An unwelcome spotlight had been fixed on the sale, as four countries–Mexico, Peru, Guatemala, and Costa Rica–demanded return of artifacts that were allegedly stolen from their borders decades before. In the weeks and days leading to the sale, Peru announced that it was seeking the return of 67 objects, Guatemala made a claim for 13 objects, Mexico for 51 objects were cultural property (as reported in the Associated Press). The countries asserted that at least one third of the artifacts offered were illegally exported before 1900 and approximately half the items were from the Barbier-Mueller collection. Heavily publicized in the European media leading up to the sale, many wondered what effect the controversy would have on the sales figures.
Sotheby’s attempted to put a positive spin on the outcome. Guillaume Cerutti, president of Sotheby’s France, explained, “Despite having achieved less than expected, these results are good considering the context in which the sale unfolded.” Additionally, Sotheby’s said that the sale has still set a world record for an auction of pre-Columbian items. According to its website, the results of the sale–though significantly below the estimate–still outdid Sotheby’s own recent sales of pre-Columbian works, which totaled $12.7 million collectively over the past five years.
Sotheby’s also denied that any items were illicit throughout the allegations and said that they had all been properly researched. Specifically, it stated: “We have had dialogue with several nations and given careful consideration to their concerns about this sale, and we continue to welcome discussion regarding any new information on specific issues… Over the course of the past six months, Sotheby’s thoroughly researched the provenance of this collection and we are confident in offering these works for auction.”

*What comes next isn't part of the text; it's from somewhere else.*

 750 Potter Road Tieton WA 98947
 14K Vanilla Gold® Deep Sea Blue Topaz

The Barbier-Mueller Collection was started by Josef Mueller (1887-1977), who began collecting in the 1920s, and continued by his daughter Monique and her husband Jean Paul Barbier. Barbier had significantly expanded the collection started by his father-in-law, and many of the additions were made after 1992. However, Mueller stated that “provenance was always a concern.”
Illicit trafficking in ancient artifacts has become an increasing problem in Mexico, Costa Rica, Guatemala, Honduras, Brazil, and Peru. Many Latin American countries have passed national legislation in the 1970s, attempting to establish legal ownership of cultural property. As Chasing Aphrodite recently pointed out, there is “quite a bit of overlap” between the contents the Barbier-Mueller Collection and the Red Lists of Endangered Cultural Objects, compiled by the International Council of Museums (ICOM) to combat the illicit artifact sales. From Nayarit and Olmec figures to Gran Nicoya stone grindstones, many of the pieces appear on these Red Lists.

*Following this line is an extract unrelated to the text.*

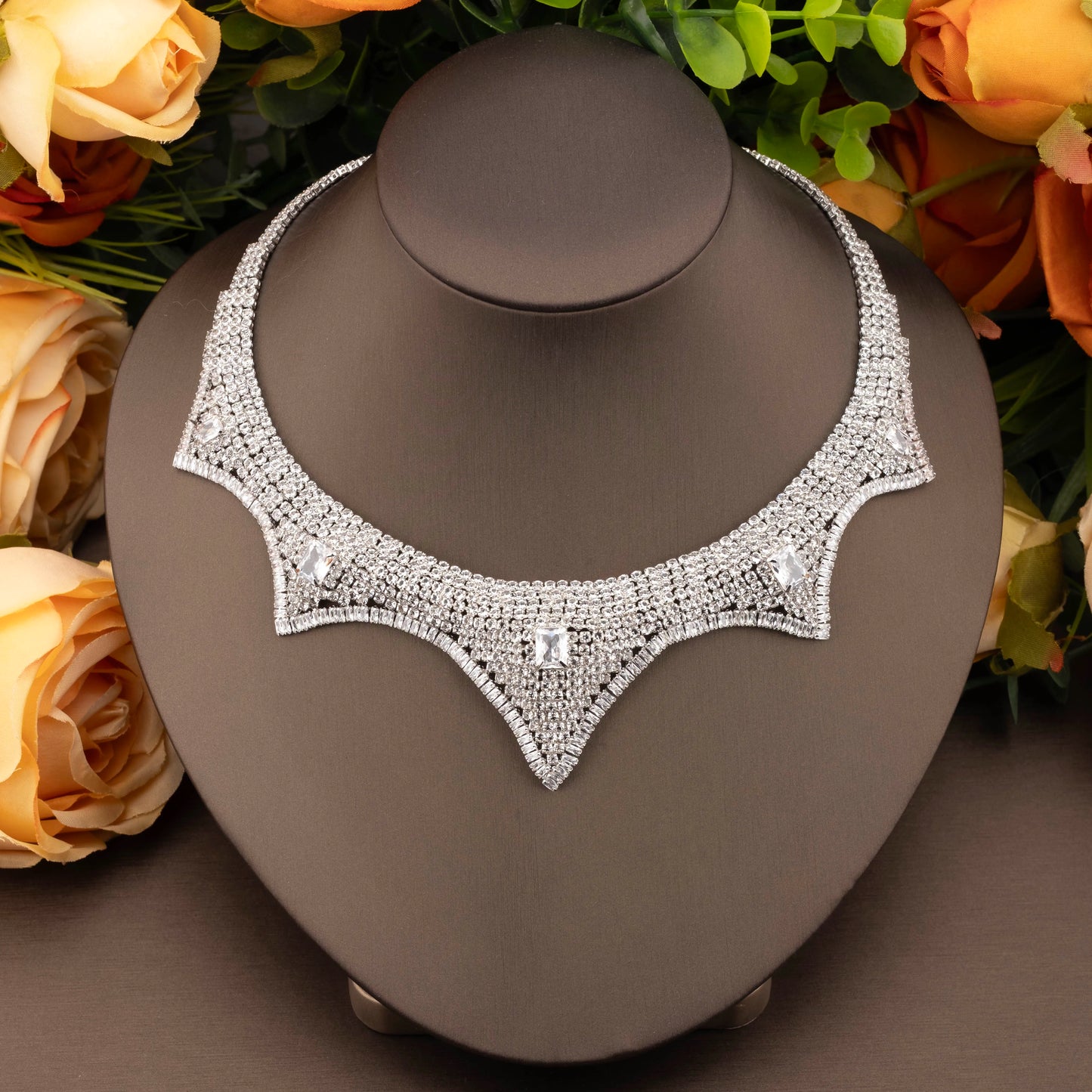 1 Set of Luxurious and Elegant Jewelry Set with Sparkling Cubic Zirconia and Horn Design, Suitable for Women to Wear at Weddings and Banquets. Gift Box Not Included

Despite the results that many would call disappointing, the bad press was not sufficient to stop the sale all together. Although there has been increased awareness in recent years of illicit artifact trading and increased efforts by bodies such as UNESCO, ICOM, and the AAMD to establish higher standards for collectors, museums, and auction houses to safeguard against illegal artifact trade, it will likely take years for attitudes to shift and for these rules to truly affect sales of artifacts.